Hint: The relative lowering of vapour pressure is a colligative property, that is it depends on the number of solute particles. Addition of non volatile solute, lowers the vapour pressure of the solvent.


Complete answer:
Vapour pressure is the pressure exerted by the vapours over the liquid at a given temperature under the equilibrium conditions. This lowering in vapour pressure is because of the fact that after the addition of the solute to the solvent(pure solvent), the surface of the liquid now has molecules of both, the pure liquid and the solute. The number of solvent molecules escaping into vapour phase gets reduced , resulting in decrease in the pressure exerted by the vapour phase.
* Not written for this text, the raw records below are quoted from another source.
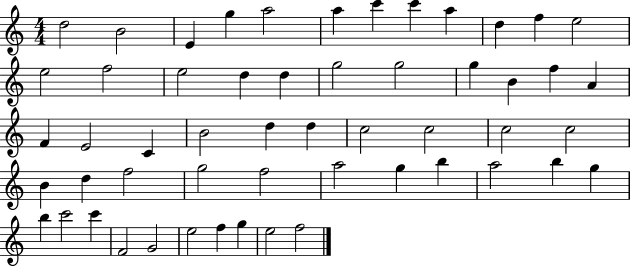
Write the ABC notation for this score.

X:1
T:Untitled
M:4/4
L:1/4
K:C
d2 B2 E g a2 a c' c' a d f e2 e2 f2 e2 d d g2 g2 g B f A F E2 C B2 d d c2 c2 c2 c2 B d f2 g2 f2 a2 g b a2 b g b c'2 c' F2 G2 e2 f g e2 f2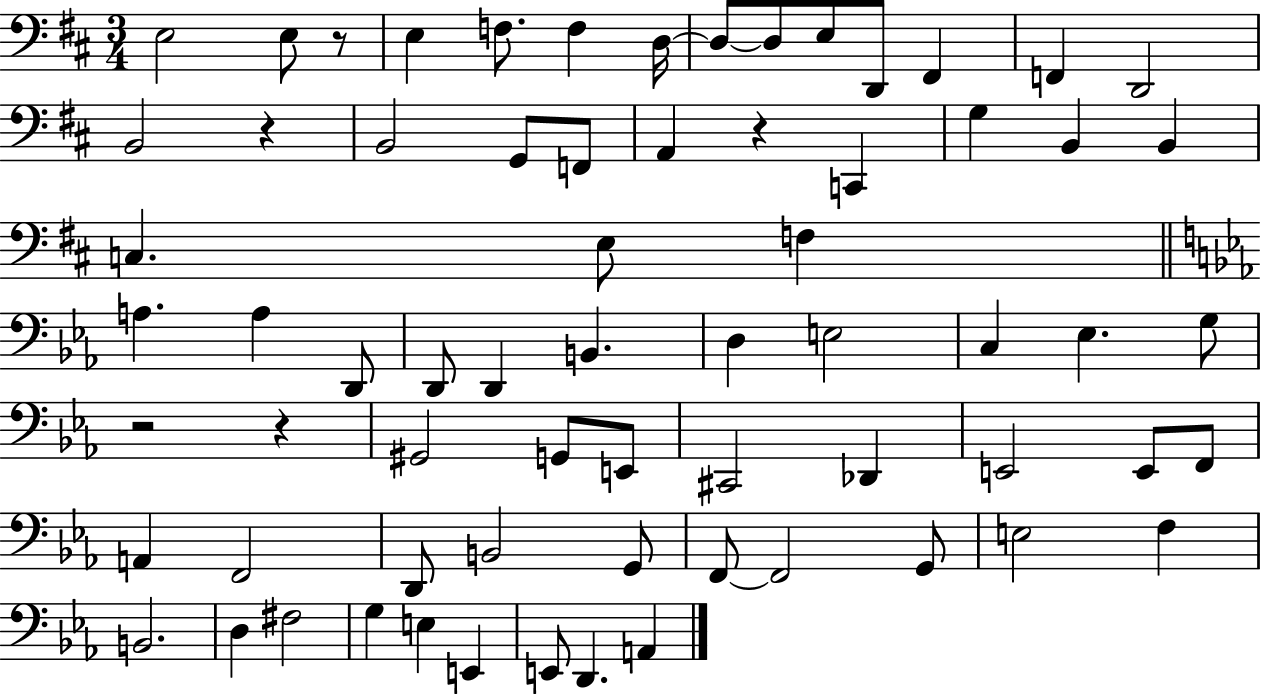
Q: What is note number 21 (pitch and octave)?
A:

This is known as relative lowering of vapour pressure. This lowering in vapour pressure depends on the concentration of non-volatile solute added in the solution independent of its nature and therefore, it is one of the colligative properties.
As we know the formula of relative lowering of vapour pressure is as follows,
     \[\dfrac{{{p}_{A}}{}^\circ -{{p}_{A}}}{{{p}_{A}}{}^\circ }={{x}_{2}}\] …(i)
Where,${{p}_{A}}{}^\circ $= vapour pressure of pure solvent,
Given value of ${{p}_{A}}{}^\circ $ =92 mm Hg
${{p}_{A}}$= vapour pressure of the solution,
${{p}_{A}}{}^\circ -{{p}_{A}}$ = relative lowering of vapour pressure,
Given value of ${{p}_{A}}{}^\circ -{{p}_{A}}$= 5 mm Hg
${{x}_{2}}$= mole fraction of the solute
Also, we know the formula of mole fraction is,
     \[{{x}_{2}}=\dfrac{{{n}_{2}}}{{{n}_{1}}+{{n}_{2}}}\]
where, ${{n}_{2}}$= moles of solute,
${{n}_{1}}$= moles of solvent
Here, the solvent is water, and the molecular weight of water is 18, and the weight of water is 100g, also the weight of urea is also given as 18.2g.
Substituting the above values in the formula of mole fraction,
     \[\begin{align}
  & {{x}_{2}}=\dfrac{\dfrac{18.2}{{{M}_{2}}}}{\dfrac{100}{18}} \\
 & \Rightarrow {{x}_{2}}=\left( \dfrac{18.2}{{{M}_{2}}} \right)\left( \dfrac{18}{100} \right) \\
 & \Rightarrow {{x}_{2}}=\dfrac{3.26}{{{M}_{2}}} \\
\end{align}\]
here, ${{M}_{2}}$= molecular mass of urea${{M}_{2}}$
 From here, we get the value of ${{x}_{2}}$, Now we will substitute the value of ${{x}_{2}}$in equation (i),
     \[\dfrac{5}{92}=\dfrac{3.26}{{{M}_{2}}}\]
     \[\begin{align}
  & {{M}_{2}}=\dfrac{3.26\times 92}{5} \\
 & {{M}_{2}}=59.9 \\
\end{align}\]
So we get the molecular weight of urea is 59.9g/mol.

So, the correct answer is “Option C”.

Note: Colligative properties are the physical changes that results from addition of solute to solvent. It does not depend on the nature of solute, however, in relative lowering of vapour pressure the solute must be non volatile.